* _Your instructions_
Copy each line below in which the string "Abstract" appears.

(Brief descriptive captions)
* * * * * * * * *
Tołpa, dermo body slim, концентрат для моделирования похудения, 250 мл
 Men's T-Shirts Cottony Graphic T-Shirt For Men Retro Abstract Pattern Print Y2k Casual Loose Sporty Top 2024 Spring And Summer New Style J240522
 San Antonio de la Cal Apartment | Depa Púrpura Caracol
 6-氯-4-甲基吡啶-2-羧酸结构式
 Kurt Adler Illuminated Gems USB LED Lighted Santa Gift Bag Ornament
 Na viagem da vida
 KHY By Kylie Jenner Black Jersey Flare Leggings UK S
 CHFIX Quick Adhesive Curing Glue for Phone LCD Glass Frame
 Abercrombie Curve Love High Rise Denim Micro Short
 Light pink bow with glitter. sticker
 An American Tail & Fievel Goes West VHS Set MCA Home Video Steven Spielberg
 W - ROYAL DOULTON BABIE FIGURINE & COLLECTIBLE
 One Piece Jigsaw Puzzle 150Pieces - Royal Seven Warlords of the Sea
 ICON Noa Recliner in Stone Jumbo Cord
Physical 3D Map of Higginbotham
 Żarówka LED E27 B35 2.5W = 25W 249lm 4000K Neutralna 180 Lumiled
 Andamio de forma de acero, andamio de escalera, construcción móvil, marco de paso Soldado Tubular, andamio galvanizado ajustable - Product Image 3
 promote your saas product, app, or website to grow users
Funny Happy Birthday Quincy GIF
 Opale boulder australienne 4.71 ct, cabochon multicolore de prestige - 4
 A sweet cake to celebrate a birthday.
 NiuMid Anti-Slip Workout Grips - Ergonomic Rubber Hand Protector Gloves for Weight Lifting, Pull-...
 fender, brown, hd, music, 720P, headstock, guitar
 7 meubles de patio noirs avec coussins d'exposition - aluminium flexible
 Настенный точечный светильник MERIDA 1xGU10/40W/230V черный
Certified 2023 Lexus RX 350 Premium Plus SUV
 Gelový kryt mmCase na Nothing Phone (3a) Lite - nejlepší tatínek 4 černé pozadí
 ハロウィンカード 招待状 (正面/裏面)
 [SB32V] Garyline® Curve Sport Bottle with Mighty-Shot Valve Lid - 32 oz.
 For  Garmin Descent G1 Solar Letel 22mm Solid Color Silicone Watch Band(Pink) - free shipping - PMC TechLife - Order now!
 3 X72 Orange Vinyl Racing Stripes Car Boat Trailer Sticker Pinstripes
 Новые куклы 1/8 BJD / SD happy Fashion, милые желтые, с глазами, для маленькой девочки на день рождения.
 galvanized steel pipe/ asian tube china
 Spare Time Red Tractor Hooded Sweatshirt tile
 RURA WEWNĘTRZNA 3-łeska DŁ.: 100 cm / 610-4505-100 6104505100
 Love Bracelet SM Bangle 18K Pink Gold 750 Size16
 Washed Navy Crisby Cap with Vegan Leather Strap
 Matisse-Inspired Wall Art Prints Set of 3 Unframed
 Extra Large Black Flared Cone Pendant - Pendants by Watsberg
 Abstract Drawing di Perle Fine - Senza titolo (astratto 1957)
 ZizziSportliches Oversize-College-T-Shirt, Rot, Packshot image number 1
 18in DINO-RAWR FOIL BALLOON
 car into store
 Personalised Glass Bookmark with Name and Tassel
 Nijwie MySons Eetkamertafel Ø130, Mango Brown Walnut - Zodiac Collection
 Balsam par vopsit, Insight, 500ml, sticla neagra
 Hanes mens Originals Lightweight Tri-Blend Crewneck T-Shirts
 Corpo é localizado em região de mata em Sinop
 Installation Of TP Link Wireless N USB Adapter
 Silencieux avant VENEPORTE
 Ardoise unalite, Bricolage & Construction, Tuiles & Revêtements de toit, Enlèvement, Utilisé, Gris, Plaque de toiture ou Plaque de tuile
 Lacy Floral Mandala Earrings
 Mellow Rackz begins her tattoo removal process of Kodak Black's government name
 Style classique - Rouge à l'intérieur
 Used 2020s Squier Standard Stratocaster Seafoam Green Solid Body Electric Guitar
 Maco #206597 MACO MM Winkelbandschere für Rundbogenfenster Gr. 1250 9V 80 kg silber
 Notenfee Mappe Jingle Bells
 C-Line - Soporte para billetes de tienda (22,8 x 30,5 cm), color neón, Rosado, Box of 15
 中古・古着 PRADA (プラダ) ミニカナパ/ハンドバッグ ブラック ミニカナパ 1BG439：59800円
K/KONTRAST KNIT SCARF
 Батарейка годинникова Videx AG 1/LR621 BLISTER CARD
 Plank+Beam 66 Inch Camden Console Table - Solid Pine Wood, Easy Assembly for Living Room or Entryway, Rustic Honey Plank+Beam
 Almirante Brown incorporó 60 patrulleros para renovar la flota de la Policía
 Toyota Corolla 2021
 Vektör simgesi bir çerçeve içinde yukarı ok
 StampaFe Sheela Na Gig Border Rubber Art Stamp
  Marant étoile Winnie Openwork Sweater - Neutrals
* * * * * * * * *
* _Solved problem_
 Men's T-Shirts Cottony Graphic T-Shirt For Men Retro Abstract Pattern Print Y2k Casual Loose Sporty Top 2024 Spring And Summer New Style J240522
 Abstract Drawing di Perle Fine - Senza titolo (astratto 1957)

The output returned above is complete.